## Task input
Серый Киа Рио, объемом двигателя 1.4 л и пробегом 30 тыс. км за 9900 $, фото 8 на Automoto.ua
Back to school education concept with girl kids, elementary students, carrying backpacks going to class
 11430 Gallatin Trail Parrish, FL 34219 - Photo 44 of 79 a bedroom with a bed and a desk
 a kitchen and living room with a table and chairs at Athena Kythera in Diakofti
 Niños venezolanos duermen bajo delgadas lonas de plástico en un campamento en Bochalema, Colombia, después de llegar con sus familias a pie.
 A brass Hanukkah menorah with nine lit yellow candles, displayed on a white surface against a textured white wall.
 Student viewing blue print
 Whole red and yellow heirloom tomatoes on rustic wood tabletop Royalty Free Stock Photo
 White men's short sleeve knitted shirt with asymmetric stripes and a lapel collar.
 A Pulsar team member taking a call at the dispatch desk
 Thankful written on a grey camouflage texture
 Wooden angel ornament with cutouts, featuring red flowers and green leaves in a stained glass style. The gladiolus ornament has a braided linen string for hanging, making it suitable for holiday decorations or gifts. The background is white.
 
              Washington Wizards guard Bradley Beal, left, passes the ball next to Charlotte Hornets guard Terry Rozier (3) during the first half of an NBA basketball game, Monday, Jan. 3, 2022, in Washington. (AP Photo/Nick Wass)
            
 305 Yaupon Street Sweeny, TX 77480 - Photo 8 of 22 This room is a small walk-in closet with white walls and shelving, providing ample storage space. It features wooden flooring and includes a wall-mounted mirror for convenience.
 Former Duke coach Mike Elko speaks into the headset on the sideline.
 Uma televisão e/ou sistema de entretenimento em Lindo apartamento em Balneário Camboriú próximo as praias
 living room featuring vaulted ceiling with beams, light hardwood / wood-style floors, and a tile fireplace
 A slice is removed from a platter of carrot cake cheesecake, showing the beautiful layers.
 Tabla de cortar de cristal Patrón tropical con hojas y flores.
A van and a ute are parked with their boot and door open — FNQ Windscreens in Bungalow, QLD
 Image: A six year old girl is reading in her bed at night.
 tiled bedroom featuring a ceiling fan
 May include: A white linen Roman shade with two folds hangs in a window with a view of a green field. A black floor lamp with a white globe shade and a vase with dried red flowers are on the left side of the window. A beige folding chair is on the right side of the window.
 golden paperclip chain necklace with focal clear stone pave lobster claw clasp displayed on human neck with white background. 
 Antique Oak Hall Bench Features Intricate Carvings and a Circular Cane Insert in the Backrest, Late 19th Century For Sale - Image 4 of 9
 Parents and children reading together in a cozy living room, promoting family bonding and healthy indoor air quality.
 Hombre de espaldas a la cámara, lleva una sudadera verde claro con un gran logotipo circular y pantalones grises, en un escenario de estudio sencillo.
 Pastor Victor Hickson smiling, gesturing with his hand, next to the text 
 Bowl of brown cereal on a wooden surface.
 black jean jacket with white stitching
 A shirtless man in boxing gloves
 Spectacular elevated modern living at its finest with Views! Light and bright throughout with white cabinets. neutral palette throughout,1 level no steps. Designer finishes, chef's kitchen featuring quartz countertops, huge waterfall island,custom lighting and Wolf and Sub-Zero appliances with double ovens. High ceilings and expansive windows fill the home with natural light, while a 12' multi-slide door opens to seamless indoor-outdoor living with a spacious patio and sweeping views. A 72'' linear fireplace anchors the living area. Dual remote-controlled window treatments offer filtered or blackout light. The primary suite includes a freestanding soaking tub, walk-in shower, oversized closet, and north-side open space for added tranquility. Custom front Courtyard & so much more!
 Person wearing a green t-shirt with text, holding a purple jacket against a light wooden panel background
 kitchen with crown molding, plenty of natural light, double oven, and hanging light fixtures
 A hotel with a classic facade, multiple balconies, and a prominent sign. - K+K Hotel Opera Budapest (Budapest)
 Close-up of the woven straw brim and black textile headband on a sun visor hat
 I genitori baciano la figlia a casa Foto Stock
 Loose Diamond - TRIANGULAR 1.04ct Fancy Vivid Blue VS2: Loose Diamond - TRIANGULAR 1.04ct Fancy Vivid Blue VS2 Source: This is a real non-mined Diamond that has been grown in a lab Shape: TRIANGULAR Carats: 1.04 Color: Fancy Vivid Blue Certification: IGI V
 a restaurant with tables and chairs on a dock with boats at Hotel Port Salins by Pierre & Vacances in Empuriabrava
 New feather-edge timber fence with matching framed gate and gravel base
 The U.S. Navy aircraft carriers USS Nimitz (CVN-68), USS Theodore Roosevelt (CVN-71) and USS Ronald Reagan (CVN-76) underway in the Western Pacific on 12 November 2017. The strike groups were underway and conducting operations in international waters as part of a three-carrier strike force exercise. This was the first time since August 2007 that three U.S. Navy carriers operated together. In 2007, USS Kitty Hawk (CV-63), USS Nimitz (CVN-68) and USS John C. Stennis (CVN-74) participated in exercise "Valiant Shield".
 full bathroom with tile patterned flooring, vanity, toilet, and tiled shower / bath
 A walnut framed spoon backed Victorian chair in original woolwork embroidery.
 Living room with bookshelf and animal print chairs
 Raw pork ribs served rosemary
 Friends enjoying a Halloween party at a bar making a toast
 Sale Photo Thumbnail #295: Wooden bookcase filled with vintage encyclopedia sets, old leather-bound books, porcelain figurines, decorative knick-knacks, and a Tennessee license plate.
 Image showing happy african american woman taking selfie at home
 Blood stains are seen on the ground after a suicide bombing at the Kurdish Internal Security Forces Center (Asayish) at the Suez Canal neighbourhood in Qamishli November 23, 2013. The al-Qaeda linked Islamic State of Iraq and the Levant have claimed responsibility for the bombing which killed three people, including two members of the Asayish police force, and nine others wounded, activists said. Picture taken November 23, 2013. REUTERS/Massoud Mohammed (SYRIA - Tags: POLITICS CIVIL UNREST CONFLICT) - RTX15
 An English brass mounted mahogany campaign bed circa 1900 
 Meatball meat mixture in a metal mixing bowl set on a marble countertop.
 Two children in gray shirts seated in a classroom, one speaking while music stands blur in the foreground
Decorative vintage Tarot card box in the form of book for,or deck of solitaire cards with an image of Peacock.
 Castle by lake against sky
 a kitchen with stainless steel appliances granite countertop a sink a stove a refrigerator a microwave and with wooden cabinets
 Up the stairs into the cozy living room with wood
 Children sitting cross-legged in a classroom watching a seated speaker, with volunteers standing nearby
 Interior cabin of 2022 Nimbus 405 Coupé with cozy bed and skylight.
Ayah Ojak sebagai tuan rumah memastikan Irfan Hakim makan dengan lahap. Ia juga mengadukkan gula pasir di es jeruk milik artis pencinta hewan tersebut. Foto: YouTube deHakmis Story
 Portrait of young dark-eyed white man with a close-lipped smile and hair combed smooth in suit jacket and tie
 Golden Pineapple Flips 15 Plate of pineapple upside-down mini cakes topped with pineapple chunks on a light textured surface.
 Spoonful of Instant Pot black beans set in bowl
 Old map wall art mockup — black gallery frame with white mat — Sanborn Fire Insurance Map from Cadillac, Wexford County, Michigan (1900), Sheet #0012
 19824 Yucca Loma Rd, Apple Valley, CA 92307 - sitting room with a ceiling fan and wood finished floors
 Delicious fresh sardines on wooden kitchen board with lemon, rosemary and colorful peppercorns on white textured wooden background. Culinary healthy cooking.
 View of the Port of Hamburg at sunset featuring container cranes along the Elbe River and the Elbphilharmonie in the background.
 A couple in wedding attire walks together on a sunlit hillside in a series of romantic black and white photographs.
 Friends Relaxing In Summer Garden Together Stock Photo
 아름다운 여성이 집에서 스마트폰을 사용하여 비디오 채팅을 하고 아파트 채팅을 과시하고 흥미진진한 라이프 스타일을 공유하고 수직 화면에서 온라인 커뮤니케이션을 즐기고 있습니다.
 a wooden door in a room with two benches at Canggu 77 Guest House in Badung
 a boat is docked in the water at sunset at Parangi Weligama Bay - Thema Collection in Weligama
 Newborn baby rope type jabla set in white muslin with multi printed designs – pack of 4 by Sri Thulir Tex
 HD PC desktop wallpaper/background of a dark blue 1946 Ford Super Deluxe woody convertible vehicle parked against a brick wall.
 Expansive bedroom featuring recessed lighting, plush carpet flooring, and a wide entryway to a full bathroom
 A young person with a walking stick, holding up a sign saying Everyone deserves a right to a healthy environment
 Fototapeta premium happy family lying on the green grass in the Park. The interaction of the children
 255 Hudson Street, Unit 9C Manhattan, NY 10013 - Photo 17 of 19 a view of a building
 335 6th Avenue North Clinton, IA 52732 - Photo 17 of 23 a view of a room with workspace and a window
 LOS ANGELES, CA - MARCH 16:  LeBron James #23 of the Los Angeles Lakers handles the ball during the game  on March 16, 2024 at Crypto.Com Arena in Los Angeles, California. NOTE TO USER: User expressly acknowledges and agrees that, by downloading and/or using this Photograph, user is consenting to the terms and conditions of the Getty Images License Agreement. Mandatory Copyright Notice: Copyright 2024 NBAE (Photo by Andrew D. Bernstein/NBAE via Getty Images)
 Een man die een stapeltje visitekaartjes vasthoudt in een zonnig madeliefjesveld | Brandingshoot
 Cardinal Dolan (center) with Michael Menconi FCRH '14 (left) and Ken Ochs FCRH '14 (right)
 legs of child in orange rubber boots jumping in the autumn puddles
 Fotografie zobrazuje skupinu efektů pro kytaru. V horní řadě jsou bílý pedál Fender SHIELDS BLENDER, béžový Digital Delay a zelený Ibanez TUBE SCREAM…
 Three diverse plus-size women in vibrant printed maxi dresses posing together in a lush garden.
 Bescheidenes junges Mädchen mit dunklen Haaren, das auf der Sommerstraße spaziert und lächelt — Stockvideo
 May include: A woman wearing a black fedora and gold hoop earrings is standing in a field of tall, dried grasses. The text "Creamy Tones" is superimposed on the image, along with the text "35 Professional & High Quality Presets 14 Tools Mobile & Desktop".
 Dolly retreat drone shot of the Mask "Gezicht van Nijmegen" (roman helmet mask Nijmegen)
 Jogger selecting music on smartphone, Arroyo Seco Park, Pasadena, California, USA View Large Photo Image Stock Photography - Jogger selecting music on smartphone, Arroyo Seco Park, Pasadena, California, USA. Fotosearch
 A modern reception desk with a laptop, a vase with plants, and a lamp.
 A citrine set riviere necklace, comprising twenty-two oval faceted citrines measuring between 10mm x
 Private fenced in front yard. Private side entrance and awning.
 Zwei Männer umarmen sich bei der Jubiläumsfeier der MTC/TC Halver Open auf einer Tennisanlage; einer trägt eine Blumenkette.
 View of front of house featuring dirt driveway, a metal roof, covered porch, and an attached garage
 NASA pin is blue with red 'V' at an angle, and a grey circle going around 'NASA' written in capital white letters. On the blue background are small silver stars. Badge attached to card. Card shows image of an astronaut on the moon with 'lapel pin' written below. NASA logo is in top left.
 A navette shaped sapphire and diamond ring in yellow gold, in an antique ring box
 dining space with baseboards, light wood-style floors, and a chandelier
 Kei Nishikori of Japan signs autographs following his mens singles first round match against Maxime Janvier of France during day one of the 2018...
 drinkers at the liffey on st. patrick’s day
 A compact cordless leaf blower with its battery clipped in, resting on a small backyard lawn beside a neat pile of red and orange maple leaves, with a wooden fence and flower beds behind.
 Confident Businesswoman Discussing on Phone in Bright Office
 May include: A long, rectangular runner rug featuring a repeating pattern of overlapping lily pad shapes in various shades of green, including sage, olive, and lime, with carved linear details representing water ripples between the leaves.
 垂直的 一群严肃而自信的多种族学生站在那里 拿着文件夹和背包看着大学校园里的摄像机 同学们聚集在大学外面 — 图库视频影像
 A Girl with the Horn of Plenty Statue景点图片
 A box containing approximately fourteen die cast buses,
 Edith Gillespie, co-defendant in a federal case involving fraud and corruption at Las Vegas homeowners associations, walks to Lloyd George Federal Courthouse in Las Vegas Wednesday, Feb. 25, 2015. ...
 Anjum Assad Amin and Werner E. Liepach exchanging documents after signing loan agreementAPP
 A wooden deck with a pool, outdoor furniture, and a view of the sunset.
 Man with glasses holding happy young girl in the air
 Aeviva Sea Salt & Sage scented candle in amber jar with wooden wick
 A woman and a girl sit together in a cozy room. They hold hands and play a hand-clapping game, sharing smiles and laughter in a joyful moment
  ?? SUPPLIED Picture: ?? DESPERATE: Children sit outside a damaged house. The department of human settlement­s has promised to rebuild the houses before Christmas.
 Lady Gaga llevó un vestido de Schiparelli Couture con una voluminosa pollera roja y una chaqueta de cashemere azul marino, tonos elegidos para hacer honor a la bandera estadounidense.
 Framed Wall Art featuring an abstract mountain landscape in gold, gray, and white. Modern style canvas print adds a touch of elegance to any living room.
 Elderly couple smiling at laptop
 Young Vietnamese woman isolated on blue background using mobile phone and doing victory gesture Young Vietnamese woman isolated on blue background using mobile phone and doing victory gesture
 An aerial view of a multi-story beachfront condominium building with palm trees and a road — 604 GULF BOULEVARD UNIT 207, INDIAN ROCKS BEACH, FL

## Exercise requirements
Exactly the lines above from the one with "golden paperclip chain" to the one with "Bowl of brown cereal on a wooden surface.", both included, are to be quoted; leave the rest out.

## Solution below
 golden paperclip chain necklace with focal clear stone pave lobster claw clasp displayed on human neck with white background. 
 Antique Oak Hall Bench Features Intricate Carvings and a Circular Cane Insert in the Backrest, Late 19th Century For Sale - Image 4 of 9
 Parents and children reading together in a cozy living room, promoting family bonding and healthy indoor air quality.
 Hombre de espaldas a la cámara, lleva una sudadera verde claro con un gran logotipo circular y pantalones grises, en un escenario de estudio sencillo.
 Pastor Victor Hickson smiling, gesturing with his hand, next to the text 
 Bowl of brown cereal on a wooden surface.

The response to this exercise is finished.